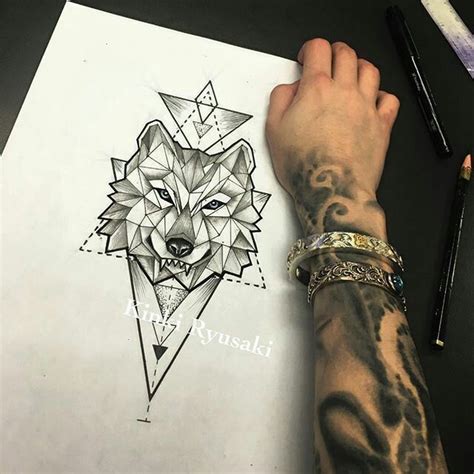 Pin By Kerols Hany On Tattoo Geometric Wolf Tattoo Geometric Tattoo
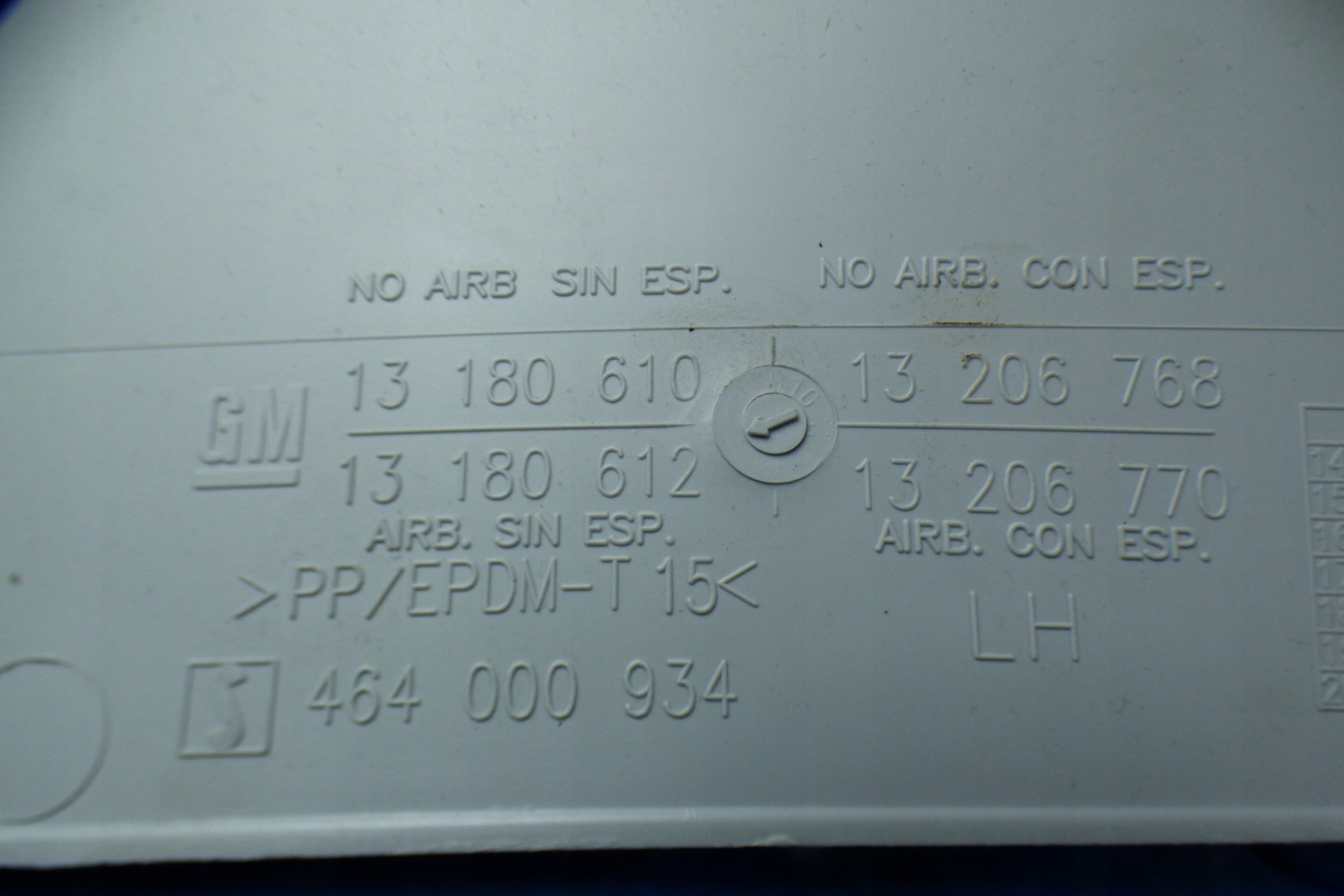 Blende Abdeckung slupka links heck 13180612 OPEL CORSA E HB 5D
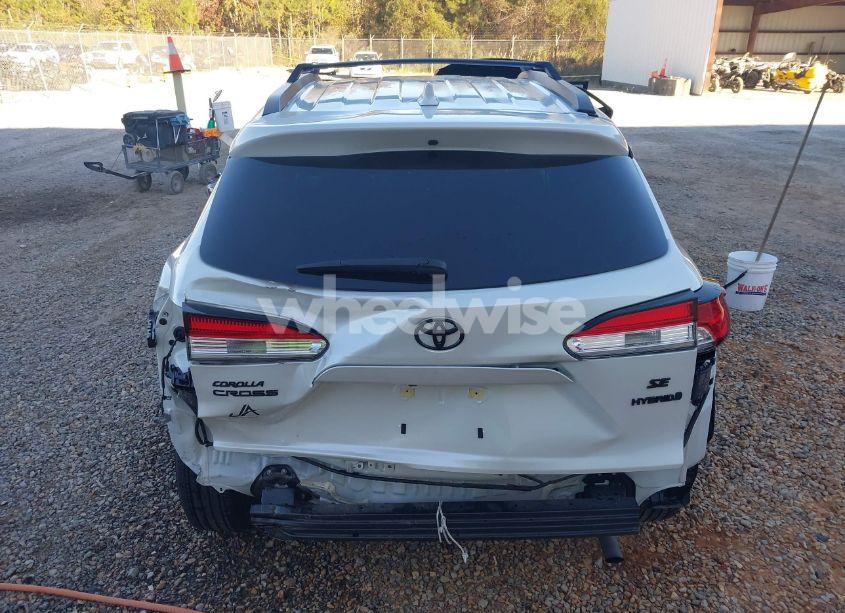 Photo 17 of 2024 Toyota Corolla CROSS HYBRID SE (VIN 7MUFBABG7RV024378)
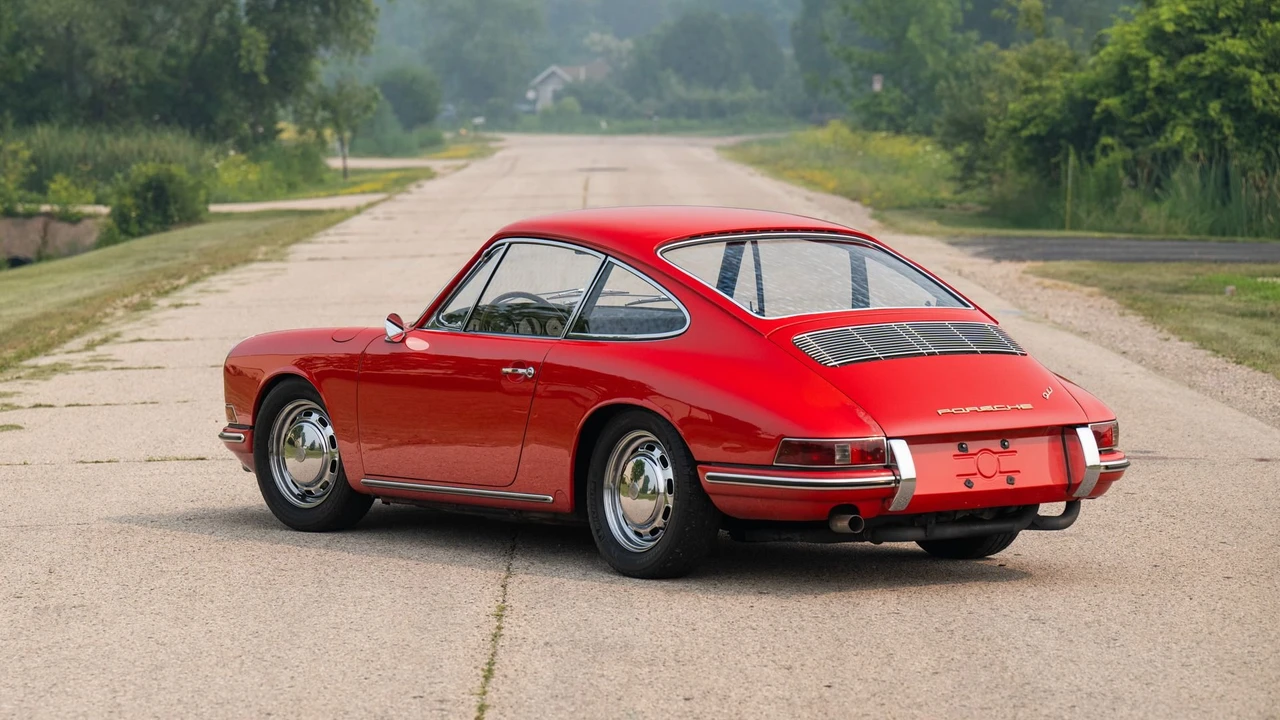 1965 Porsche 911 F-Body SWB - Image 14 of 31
__________________________________________________
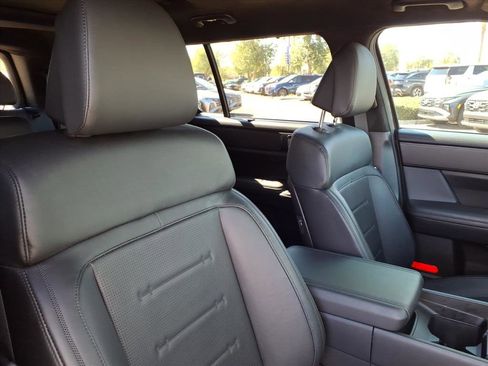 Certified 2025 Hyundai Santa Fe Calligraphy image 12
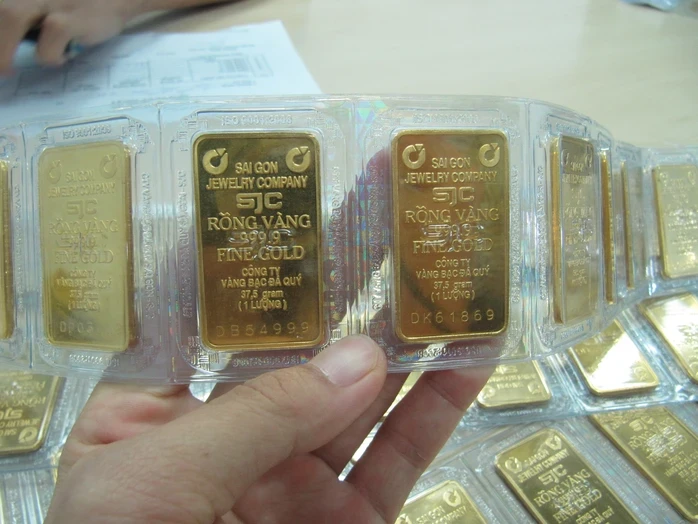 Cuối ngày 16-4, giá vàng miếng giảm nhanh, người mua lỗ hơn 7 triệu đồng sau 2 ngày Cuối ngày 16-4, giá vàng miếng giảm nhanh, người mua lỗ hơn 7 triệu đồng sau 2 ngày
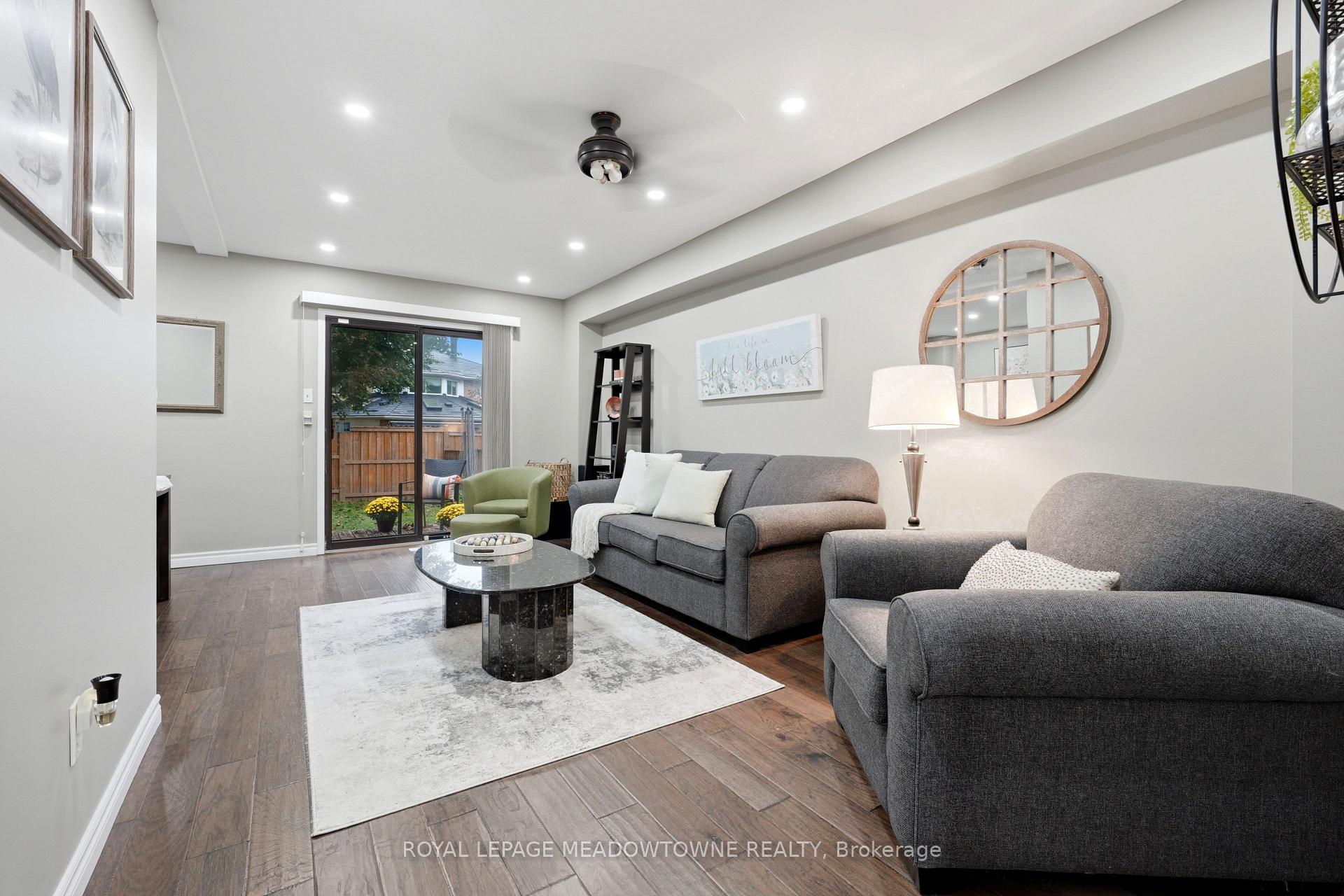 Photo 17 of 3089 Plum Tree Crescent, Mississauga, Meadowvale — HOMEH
__________________________________________________
Instructions for the task: Output exactly the stretch of the listing that begins at the line containing "2 ngày Cuối" and ends at the line containing "Photo 17 of 3089", both kept. Omit pictures and everything else.

Task result:
 Cuối ngày 16-4, giá vàng miếng giảm nhanh, người mua lỗ hơn 7 triệu đồng sau 2 ngày Cuối ngày 16-4, giá vàng miếng giảm nhanh, người mua lỗ hơn 7 triệu đồng sau 2 ngày
 Photo 17 of 3089 Plum Tree Crescent, Mississauga, Meadowvale — HOMEH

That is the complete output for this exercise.